It’s actually a very simple idea, Google took all of it’s privacy policies on all of it’s services (which numbered somewhere north of 60), and unified everything under one policy. It’s a step to make using Google tools and websites a little slicker for the end user, and to deliver a more personalized web and browsing experience. And yet, as early as this morning, 36 U.S. state Attorney Generals weighing in with a strongly worded letter, and a pan-European privacy commission starting up an investigation into the new privacy policy.

As a daily user of the web, Google, Bing, Yahoo and a vast majority of their tools and services, I’m having trouble with the issues that are being brought up with regards to the new policy. When Google first introduced the idea, one of the first terms which needs to be satisfied in order to glean your personalized information was: sign into your Google account. If you don’t sign into your account, anything you search for via the search enging, any videos you view, will just be dumped into that already existing cache of trends and web usage. If you happen to be signed into your account, using Gmail, Docs or some other tool, then your search will possibly (likely) be used as an advertising tool at some point down the road.

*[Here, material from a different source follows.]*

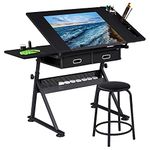 Yaheetech Art Desk/Table with Adjustable Height 65-90.5cm, 2 Drawers & Tiltable Tabletop, Drafting/Drawing Table Art/Craft Desk with Stool Load Capacity 220 lb Home and Office Furniture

I would have to admit, the confusion for me exists where users are calling it an infringement of privacy of what they are doing on the internet. But as someone so eloquently put it in a discussion I’d had about the new policy: Unless you’ve been living in the hills, hunting for your food and clothes and being completely cut off from *everything* in this techno world, you have a web history, it’s been recorded, and it is used to deliver advertising to you.